Your assignment:
Output only the lines below that start at the line containing "Multicolor Monogram LV-Style" and end at the line containing "Stretch Denim Jegging Skirt image number 0", with both ends kept.

Material for this exercise:
[Start of section]
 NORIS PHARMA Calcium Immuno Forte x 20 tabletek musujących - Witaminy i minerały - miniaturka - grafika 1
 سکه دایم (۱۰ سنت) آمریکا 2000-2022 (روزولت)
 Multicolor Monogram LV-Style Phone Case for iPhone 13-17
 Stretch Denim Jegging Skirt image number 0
[End of section]
[Start of section]
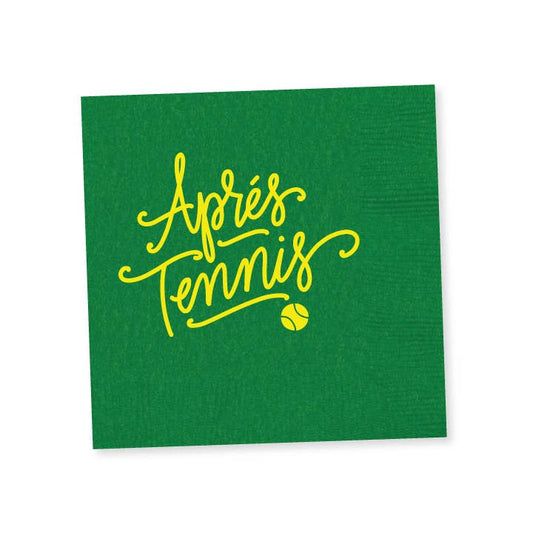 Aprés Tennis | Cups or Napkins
[End of section]
Answer section:
 Multicolor Monogram LV-Style Phone Case for iPhone 13-17
 Stretch Denim Jegging Skirt image number 0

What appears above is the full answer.